The destruction of the Libyan economy has also created an unemployed armed class, which is now being exported for America’s McJihad in Syria — and then possibly Algeria, Lebanon, Iranian Baluchistan, China’s Xinjiang, or Russia’s North Caucasian Federal District?
In Somalia, several African countries planned on sending a US-backed multinational contingent, but were foiled in June 2006 when the ICU took full control of Mogadishu.
It was at this point that the US and its allies formed their regime-change “template” with the Somalia Contact Group.
Through the Somalia Contact Group an appearance of international legitimacy was given to the ICU government’s STFG rivals and to foreign intervention.
Sound more and more familiar?
This “contact group” would become the basis for the NATO-dominated Libya Contact Group (Friends of Libya) created in 2011, which imposed the NTC through “missile diplomacy” in Tripoli, and later the Syria Contact Group (Friends of the Syrian People) created in 2012 to impose the SNC in Damascus.
America’s contact group industry has undemocratically imposed foreign-based collaborationist clients on to states where the Atlanticist cabal from NATOistan has a strategic or economic interest of expanding their influence.
The usual suspects have all been involved.
Aside from the US, the Somalia Contact Group’s members included the UK, EU, Italy, Norway, and Sweden. NATO would join in June 2009, to secure its military role in Somalia and the waters of the Horn of Africa.
All these players would have recurring star roles in Libya. Now they are trying to recreate the same scenario in Syria under the backdrop of a foreign-armed and supervised insurgency that has been deliberately targeting civilians to pave the way for interventionism.
In Somalia, African Union forces were deployed under NATO supervision with the primary mission of protecting the STFG, just as NATO has stood on guard as subordinate foreign-controlled institutions have been erected in Afghanistan, Bosnia, Kosovo, and now Libya.

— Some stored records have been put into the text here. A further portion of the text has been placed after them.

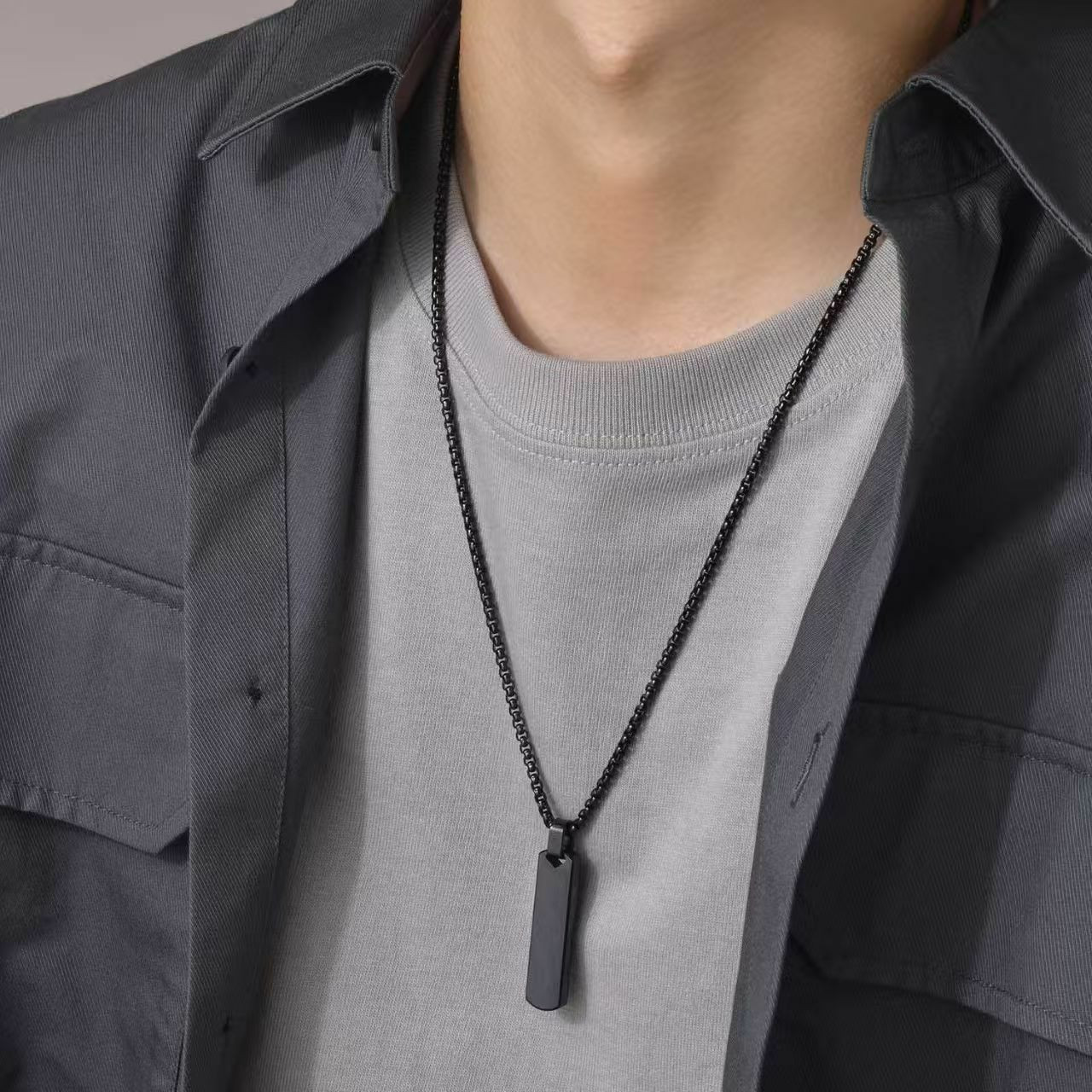 Stainless steel rectangular military-style dog tag pendant necklace (3.7 cm long, 1 cm wide, 15.7 g) on ​​a 60 cm chain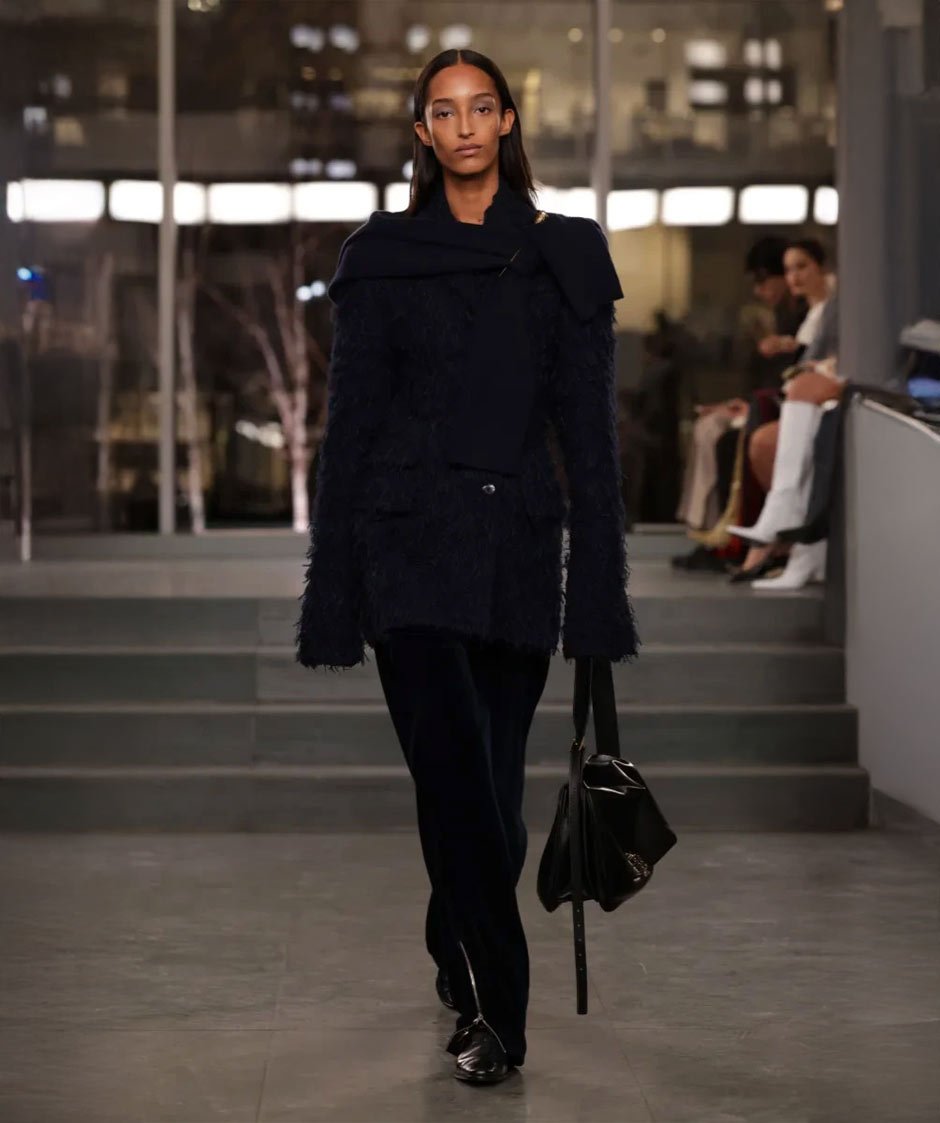 new-york-fashion-week-2025-tres-visiones-que-redefinen-el-lujo-americano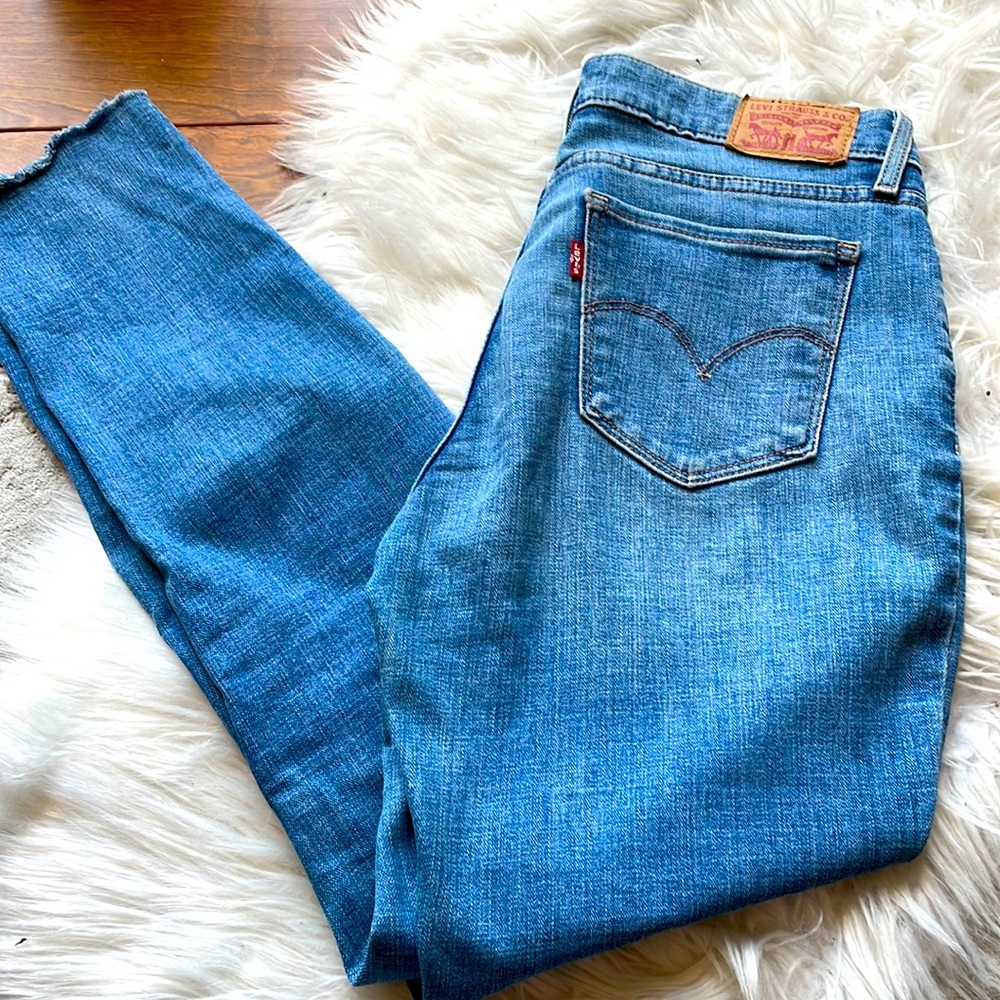Levi’s 711 Skinny Jeans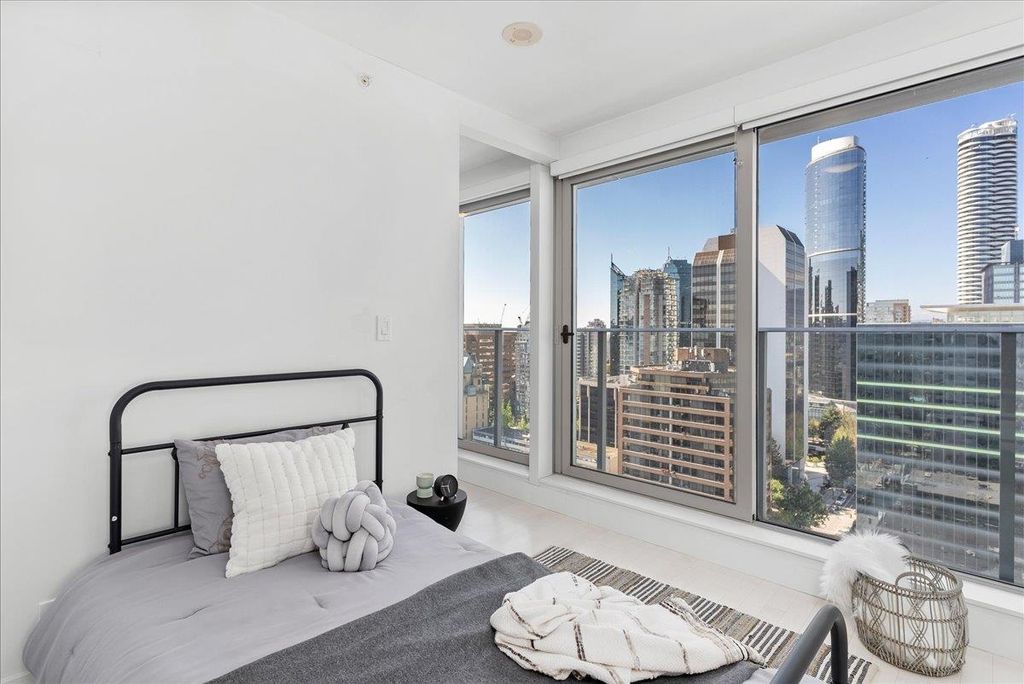 listing image 1101750847823020435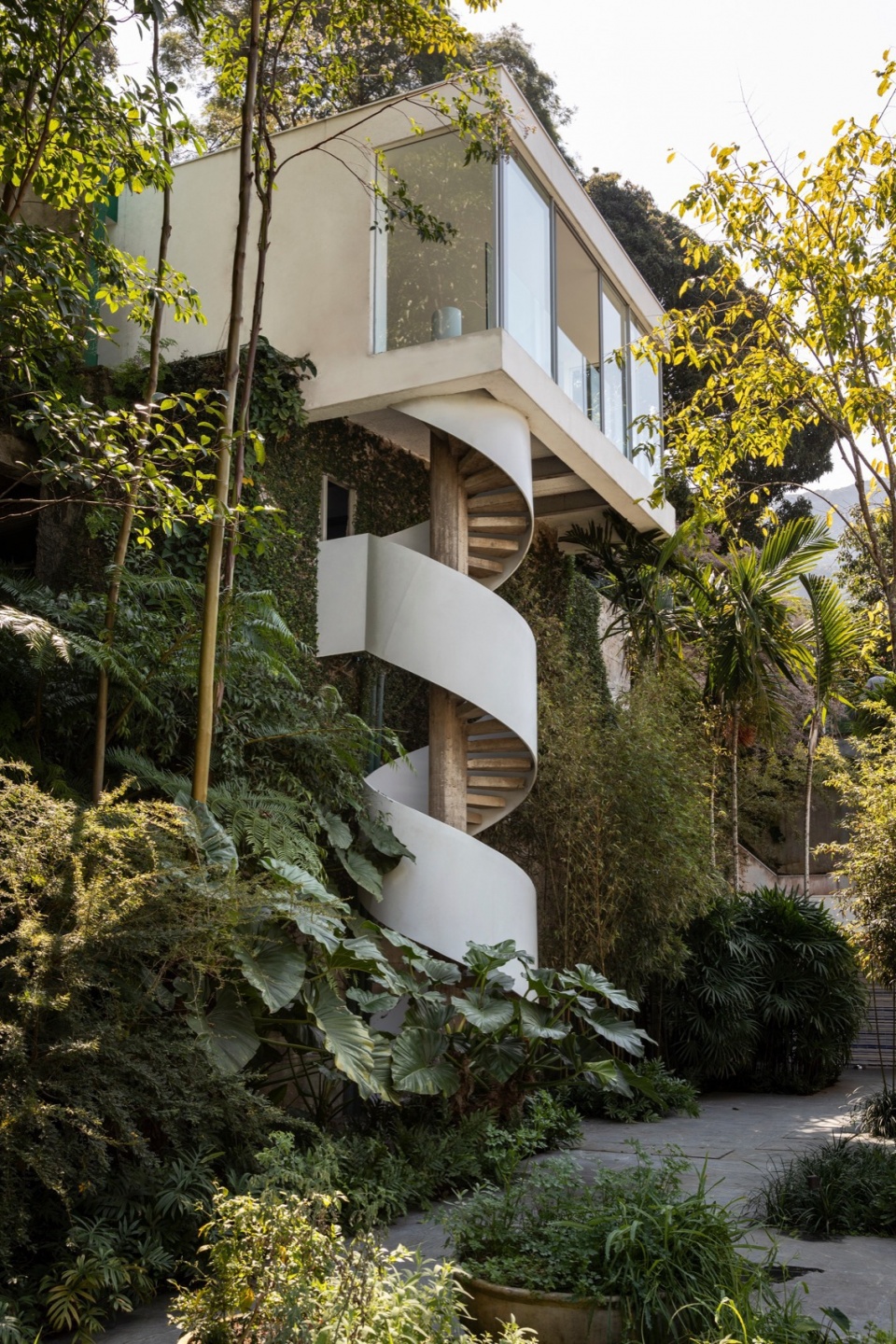 Itauna House by Siqueira Azul Architecture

The agenda of the STFG was set by the US to “reconstruct Somalia’s institutions and economy” with the help of so-called “foreign experts.”
The program is the same for the Muslim Brotherhood-dominated SNC and NTC. The NTC has privatized Libya’s assets and siphoned off its wealth under the management of Libyan-American neo-liberal economist turned “oil and finance minister” Ali Tarhouni.
Libya’s oil is no longer in the hands of Libyans, who are now too busy fighting one another with RPG launchers, armored vests, and light infantry rifles, courtesy of NATO.
In Somalia and Libya what has replaced the ICU and Jamahiriya is a never-ending state of “transition” and enclaves of guarded bureaucrats tied to Washington, Brussels, the IMF, and World Bank, who are detached from the violent reality in their countries.
Outside of these bureaucratic offices, the rule of law has crumpled and the streets are run by militias and thugs.
The Libyan Islamic Fighting Group (LIFG) took over in Libya and Al-Shaabab ran wild in Somalia, both with the help of foreign fighters.
This is the future that is in store for the Syrian Arab Republic if Hillary “Bomb ’em” Clinton and Obama are successful in installing the SNC.
We can see a sneak peak from the destroyed streets of Aleppo to the scarred landscape of the Damascene countryside, the persecution of Syrian minorities, desecration of churches, murder of Syrian civil servants, extrajudicial executions of government supporters, exodus of Syrian professionals, abduction and murder of journalists, terrorist bombings of civilian centers, killing of doctors, and kidnapping of foreign nationals that has taken place under the Syrian Free Army.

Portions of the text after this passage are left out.